6 children, no will. Does oldest child automatically become administrator of any estate? If yes and other children wish to contest that appointment, is that possible?
A: There is not a set order among the kids. Yes another child can contest one of their siblings doing it and then that sibling should also file a competing petition for them or another sibling to serve as the administrator. That would create the contest or competing petition situation. The courts look at things like who is best equipped to handle the job, where the respective administrators live, and other such factors. In my opinion it is generally best to try to work out an agreement about who should be the administrator rather than fighting about it. When fighting it can just lead to a bunch of attorney fees being spent. Unfortunately sometimes a friendly agreement can't be reached. Good luck!
A: Being the oldest doesn't help. Someone petitions the Probate Court to be the administrator. If the siblings object then the judge will yell at them to find a solution they can agree on, like even a professional service.

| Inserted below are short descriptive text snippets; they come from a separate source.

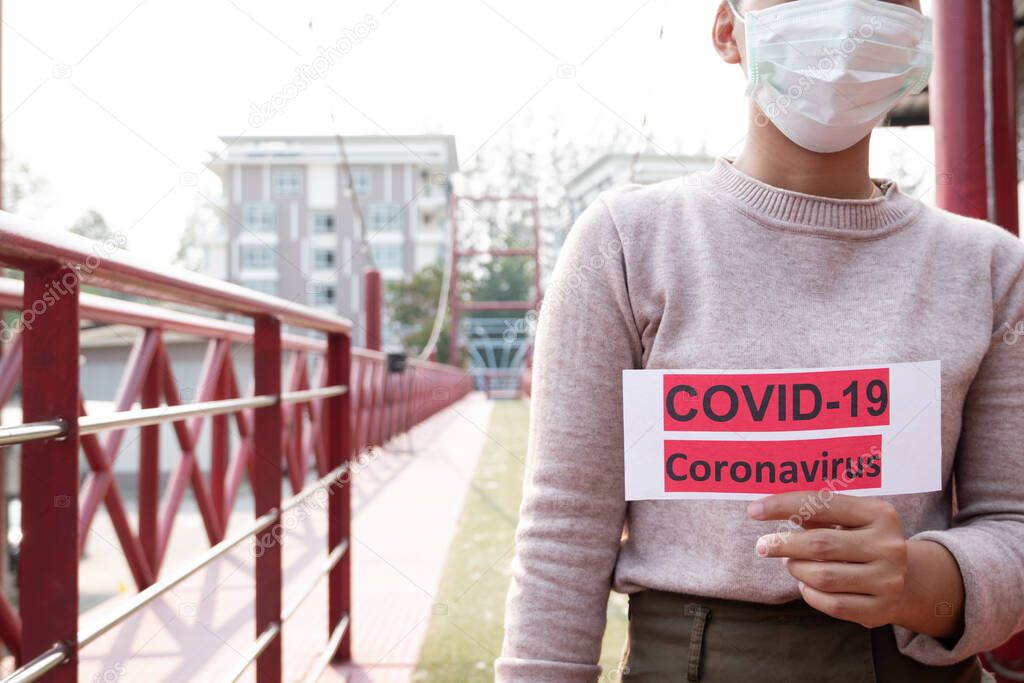 Young woman wearing protection face mask To prevent Virus infection, epidemics covid-19 and PM 2.5.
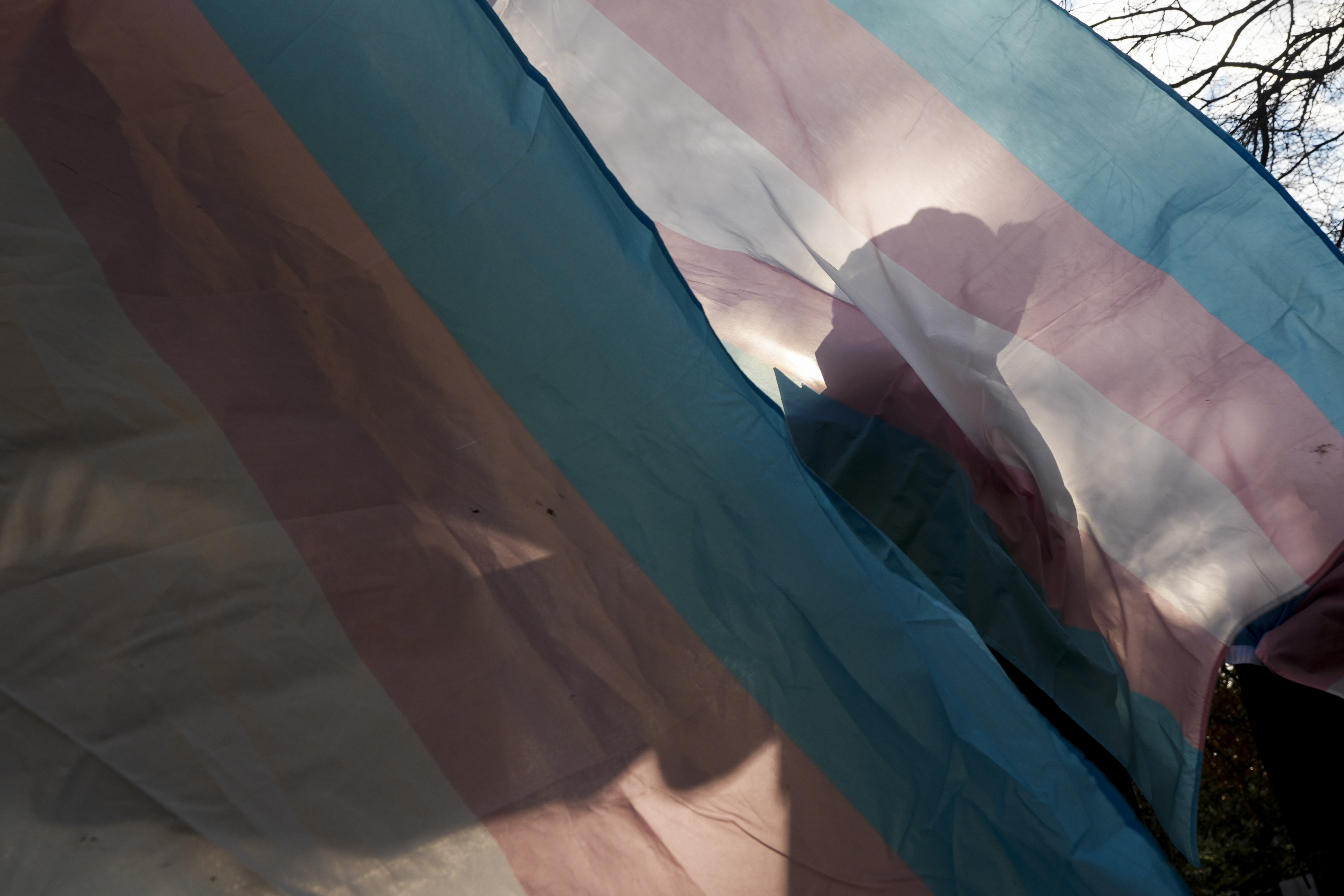FILE - A protester is silhouetted against a trans pride flag during a pro-transgender rights protest in April. Kaiser Permanente has announced they will pause gender-affirming surgeries for patients under 19.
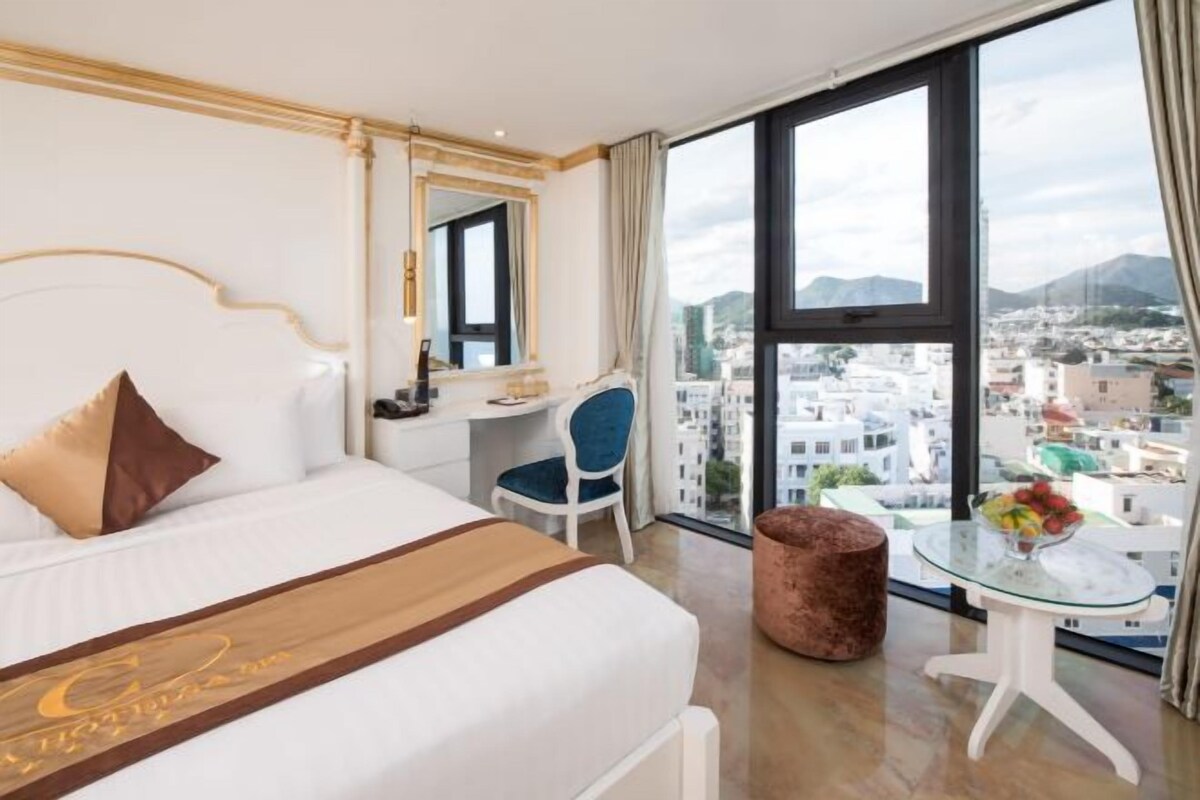 Ett hotellrum med en stor säng, ett skrivbord, en stol, ett litet bord med en vas med blommor och utsikt över en stadspanorama genom stora fönster.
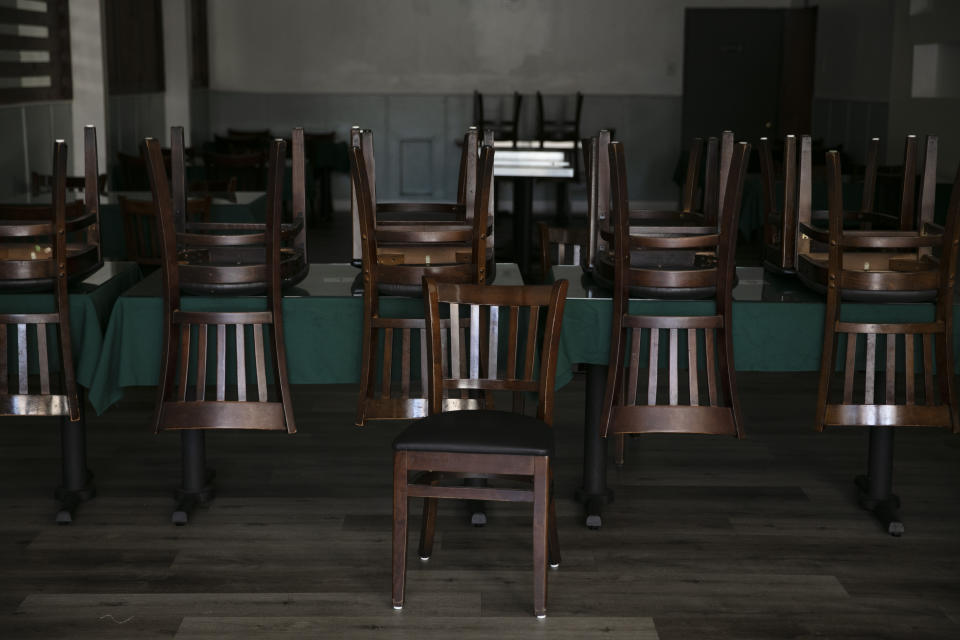 Sillas apiladas sobre las mesas en un restaurante peruano abierto solo para pedidos para llevar durante la pandemia del coronavirus, en Los Ángeles, el 6 de julio de 2020. (AP Foto/Jae C. Hong)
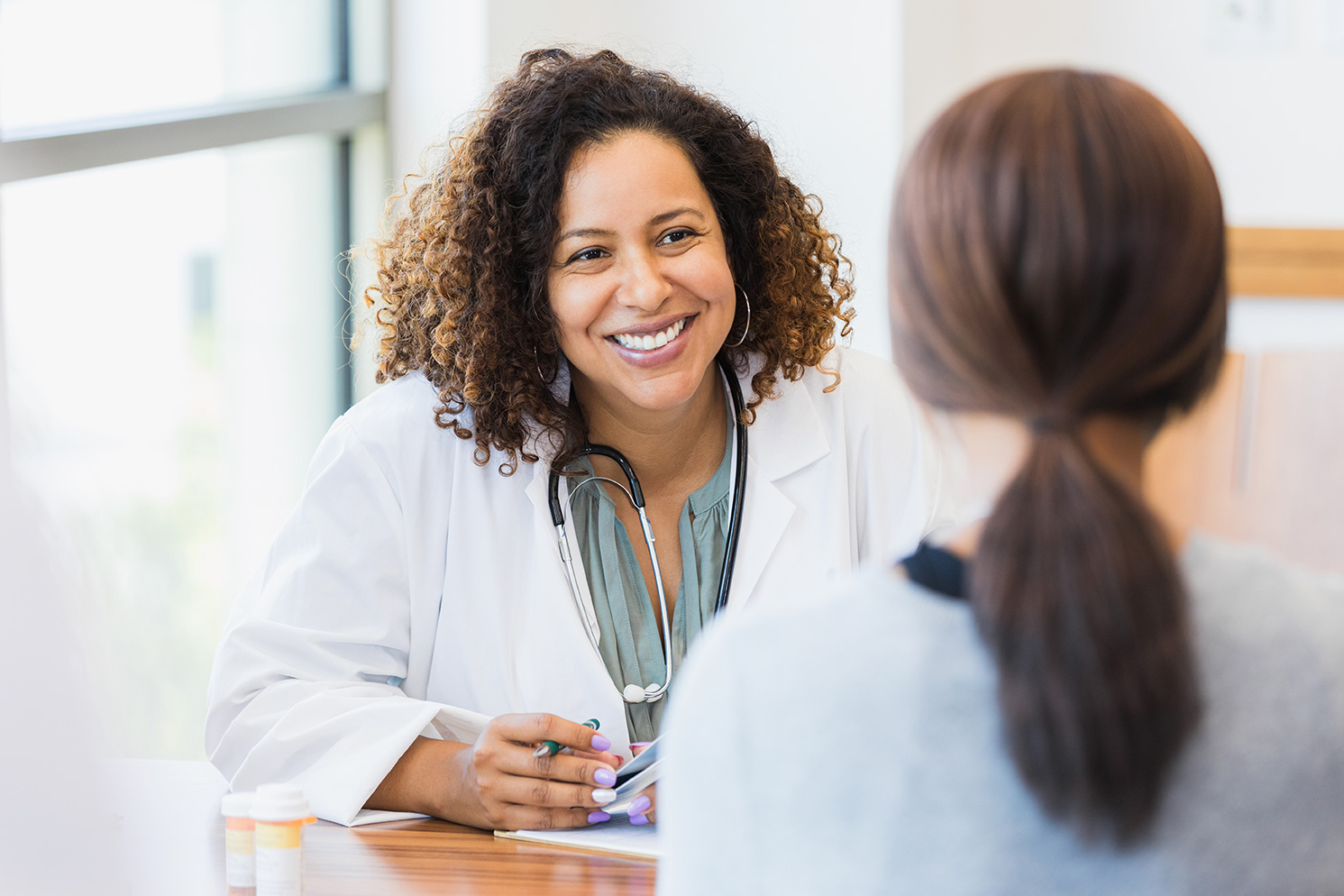 Doctor smiling at patient while discussing pharmacogenomics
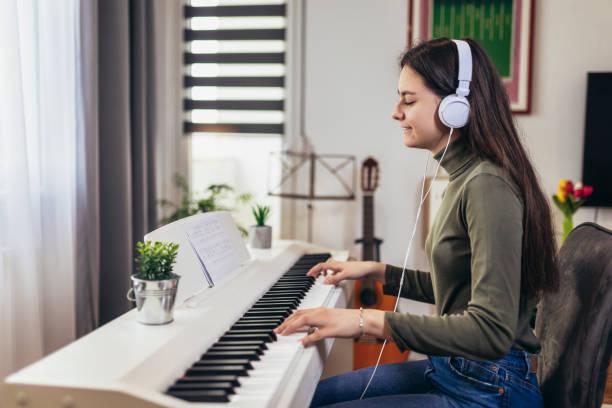 adolescente caucásica, músico, tocando el piano. - young women sitting simple living eastern europe fotografías e imágenes de stock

A: When the petition for probate is filed (form DE-111), the petitioner(s) will request a particular person be named as the administrator of the estate (there is no executor since there is no will). It can be, but doesn’t have to be one of the children. The probate code only requires it to be an adult able to fulfill the duties. Realistically, once the children all realize how much time and effort is required, it’s likely not all will want to do it. As my colleague said, the other children can object if they want, and the judge will try to get them to behave like adults and nominate one or hire an independent third party to act as administrator.
A: There is nothing in the law saying which person is automatically assigned the role of Administrator. (That's the title of the role when there is no will. If there is a will, the title is Executor. If there is a trust, the title is Trustee.) Anyone can ask the Court to appoint them as Administrator, but it will be up to the judge to decide who is most qualified to handle the job. I hope that helps!
A: The priority for the appointment of a personal representative is set forth in §§8461-8469 of the California Probate Code. You might find the answer there. Upon receiving a notice of administration, if an interested individual feels that the personal representative who is to be or has been appointed to handle the estate is not qualified for the position, they may petition to have another persona appointed or the appointed personal representative removed and a new representative appointed. The court will decided depending on the merits of each of the interested parties.